@sanchuah: It describes a desired producer-consumer evaluation order. See slide 43.
Kapteyn
I'm a bit confused by the scheduling here. In the previous slide, the parallelism over tiles in the y direction applied to both the creation of tmp and blurred. But here it seems like we are only telling halide to produce tmp in chunks and to parallelize computing tiles of blurred along the y direction.
Will Halide figure out that it needs to compute tiles of tmp in parallel along the y direction as well so that they can be fed into the blurred function immediately like in the c++ code?
This feels weird to me because the scheduling that we've defined on a function (blurred) that occurs at a later stage in the pipeline is defining the scheduling that should occur for an earlier function in the pipeline (tmp).
kayvonf
@Kayteyn: The schedule specifies "produce elements of blurred in tile by tile order, vectorizing over the X direction for elements in a tile and parallelizing across cores at the granularity of different tiles.

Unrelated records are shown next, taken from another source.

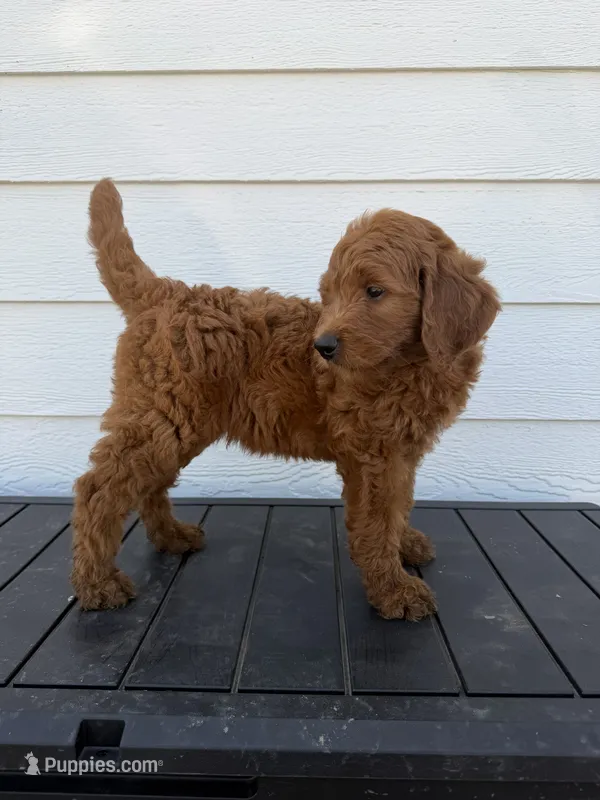 Benji – Golden Retriever, Poodle - Standard  puppy for sale in Braymer, MO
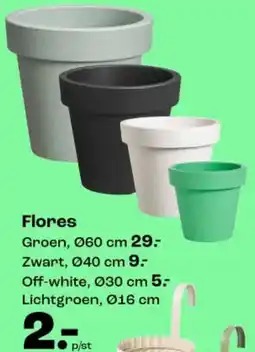 Kwantum Flores aanbieding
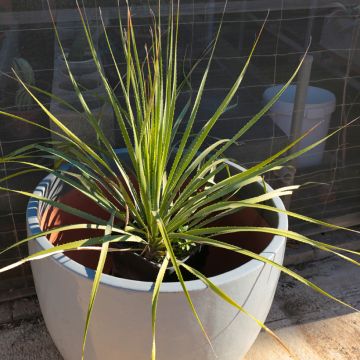 Dasylirion texanum - Rauhschopf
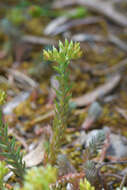 Image of European stonecrop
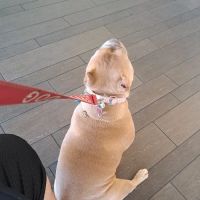 Banfield Pet Hospital ico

Now, for each of those tiles, to compute the value of blurred(x,y), the program must access three elements of tmp. There are a number of ways we can obtain the values of the needed elements of `tmp', and each way corresponds to different pipeline producer-consumer scheduling strategy:
We can do all the math on the fly, so that if we require tmp(x,y) we execute the appropriate math operations on values from in() to compute the needed value of tmp. (This would be the 'inline' scheduling policy shown on the slide 43.)
We could do all the math up front, storing all elements of tmp in memory in an array. As a result, accessing elements of tmp when computing blurred(x,y) is just an array lookup. (This would be a 'root' scheduling policy on the slide 43.)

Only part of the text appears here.